C’est à la suite d’un échec matrimonial que Maurice Chantenay, professeur d’histoire au collège de Saint-Aubin, sollicita son changement de résidence et parvint, grâce à ses deux volumes sur les colonies grecques et les colonies romaines, à se faufiler dans les bureaux du ministère de l’instruction publique.

M. Baudelot, gros marchand de bois de Saint-Aubin, qui clamait sur tous les tons et sur tous les toits qu’il donnait cent mille francs de dot à sa petite-fille Renée, – cent mille francs comptant ! recta ! pas un centime de moins ! – avait trouvé ridicule, irrévérencieux et insultant même qu’un simple licencié, gagnant tout au juste deux mille huit cents francs et ne possédant d’autre avoir que son latin et ses diplômes, osât se mettre sur les rangs, prétendre à un aussi brillant parti.

– Il a du toupet, vrai, ce petit pion !

Renée, qui était orpheline et avait été élevée par ses grands-parents, avait dû se soumettre et rencogner ses larmes, car elle l’aimait, « ce petit pion ». Son unique réconfort avait été de s’épancher auprès de sa grand’maman, tendre et excellente femme, mais à qui aucune manifestation de volonté n’était permise, et qui, depuis longtemps, depuis le lendemain même de son mariage, avait été assujettie et annihilée par son maître et seigneur.

Arrivé à Paris, Maurice s’était installé avec sa mère dans un très modeste appartement de la rue Notre-Dame-des-Champs, et avait repris là sa vie studieuse.
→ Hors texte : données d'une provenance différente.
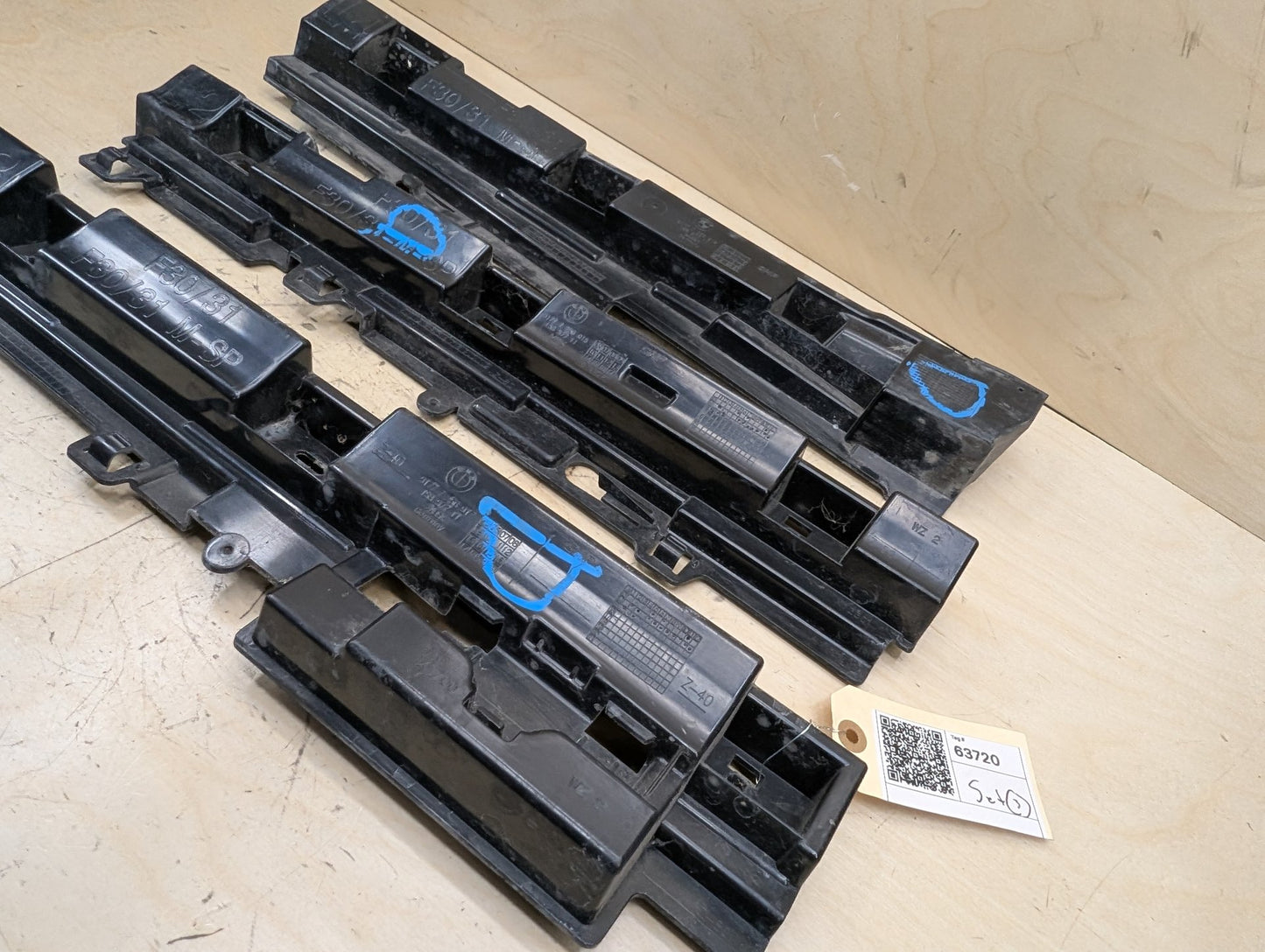 2012-2018 BMW 320i F30 Left Driver Side Skirt Rocker Panel Brackets SET 7256919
Plus que jamais il avait besoin d’occuper et surmener son esprit, de le contraindre à oublier son rêve impossible. Et puis qui sait ? Il avait en tête, sur le chantier même déjà, un grand ouvrage consacré à la géographie ancienne, et il lui tardait de mener cette œuvre à bonne fin. Peut-être, avec beaucoup de démarches, beaucoup de remuements et de protections, réussirait-il à décrocher quelque récompense académique ; un mince rayon de gloire viendrait miroiter sur son front : on verrait bien alors, là-bas, à Saint-Aubin, qu’il n’était pas un âne, et peut-être alors le père Baudelot regretterait-il de l’avoir repoussé, de l’avoir méconnu.
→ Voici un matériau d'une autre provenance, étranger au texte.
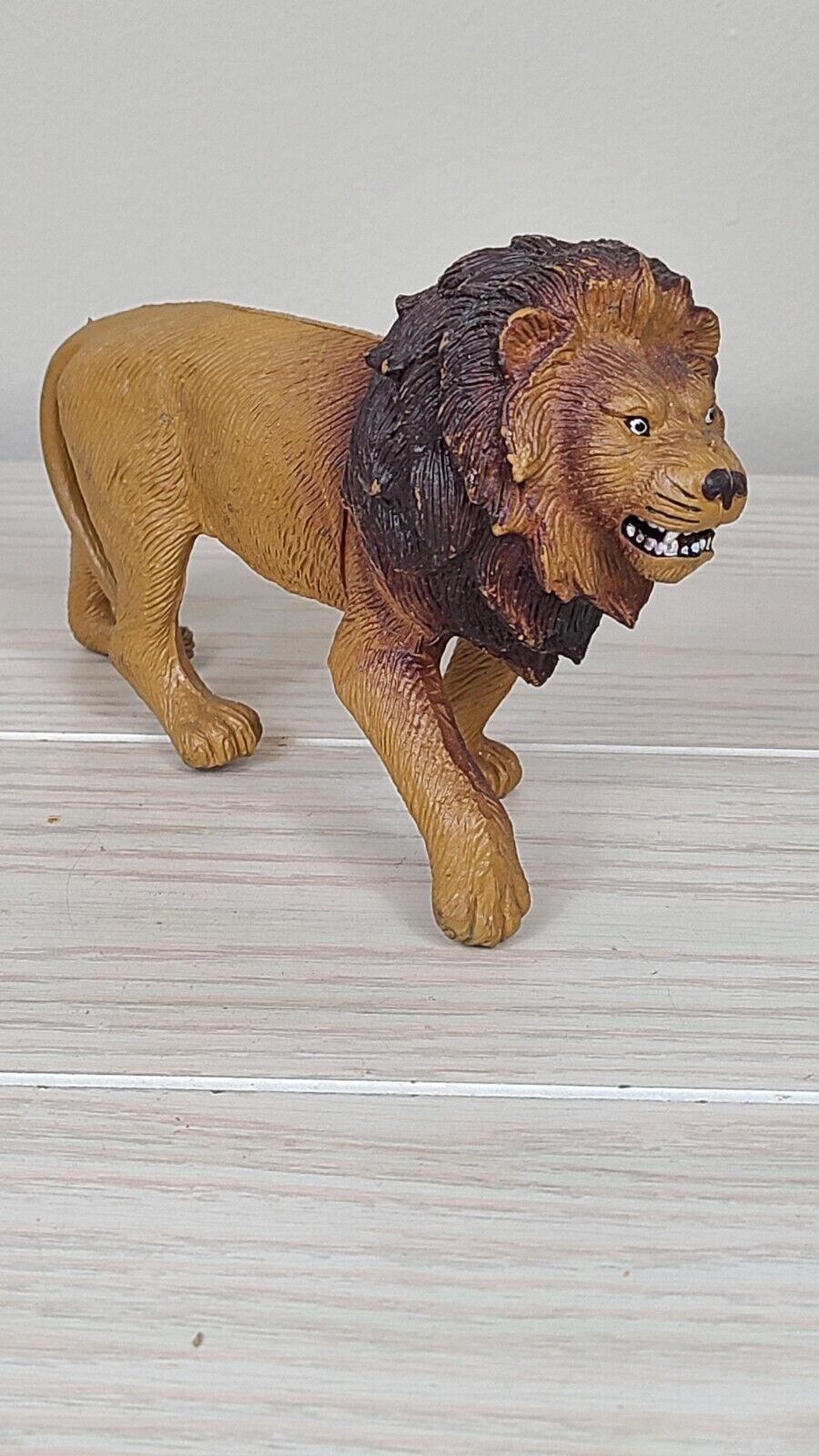 Vintage 1987 AAA Toy Lion Figurine Made In China Hard Rubber King Of The Jungle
Et Maurice, stimulé par cet espoir, alléché par ce gentil brin de laurier, vivait confiné dans sa retraite, terré comme un bénédictin dans ses livres et ses paperasses. Il ne sortait que pour aller à son bureau, à dix heures du matin, et, dès que quatre heures avaient sonné, reprenait ponctuellement la route du logis. Alors, une fois rentré, aussitôt le dîner terminé en tête à tête avec sa mère, quelle bonne et longue soirée, tout entière remplie par de passionnantes investigations à travers les écrivains latins et leurs interprètes et glossateurs !



Pour se rendre à son ministère, Maurice Chantenay suivait invariablement le même chemin : rue Saint-Placide, rue du Bac, rue de Varenne et rue de Bellechasse ; pour en revenir, les mêmes voies en sens inverse.
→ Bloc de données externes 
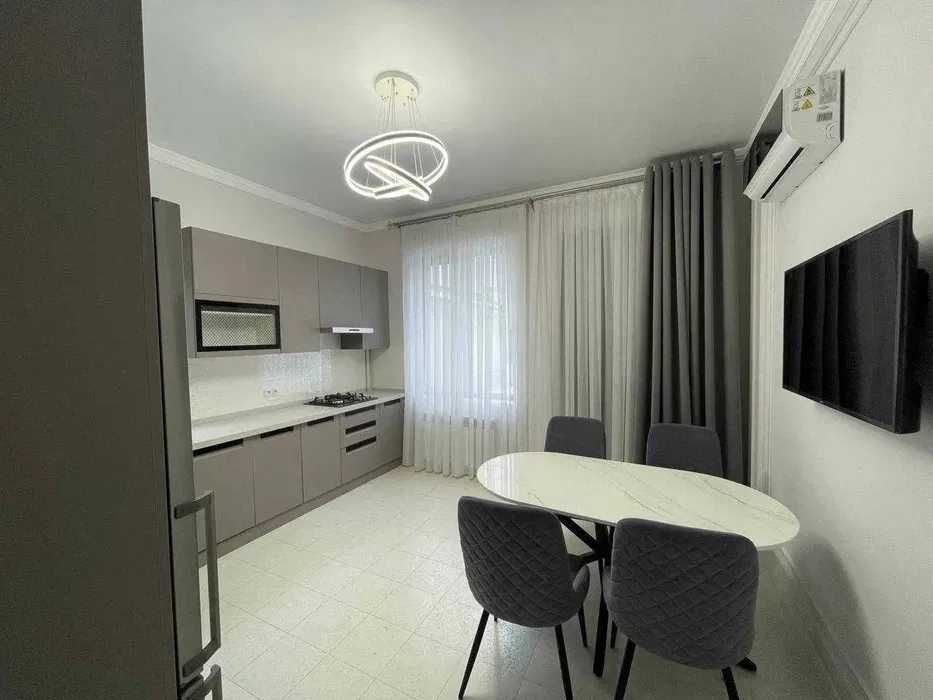 Аренда Евродома на Никитина с летним бассейном / id888 /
Or, il advint qu’un matin, à l’angle de la rue Saint-Placide et de la rue de Vaugirard, un mendiant l’accosta.

– Un petit sou, m’sieu, si vous plaît !... si vous plaît, m’sieu !

Maurice se laissa toucher par l’air dolent et minable du pauvre hère, et lui bailla une modique aumône.

Mais, à dater de ce jour-là, tous les matins, immanquablement, à l’heure où il débouchait dans la rue Saint-Placide, notre bureaucrate était certain de voir ce même mendiant surgir de son coin de porte, de son embuscade habituelle, tomber sur lui, l’escorter en geignant, soupirant et roulant des yeux désespérés : « M’sieu... je vous en prrrie !... M’sieu... ayez pitié !... J’ai neuf enfants... Ma femme est à l’hôpital... M’sieu !... M’sieu... je vous en prrrie !... » s’agripper férocement à ses grègues, et ne le lâcher qu’après avoir empoché son obole.

Maurice finissait par être impatienté de cette poursuite aussi méthodique et inévitable qu’acharnée et implacable, et de cet impôt forcé.

– Je ne suis plus libre à présent !... Plus moyen de passer mon chemin tranquillement... Ah ! non, non, il faut que je me débarrasse de ce crampon !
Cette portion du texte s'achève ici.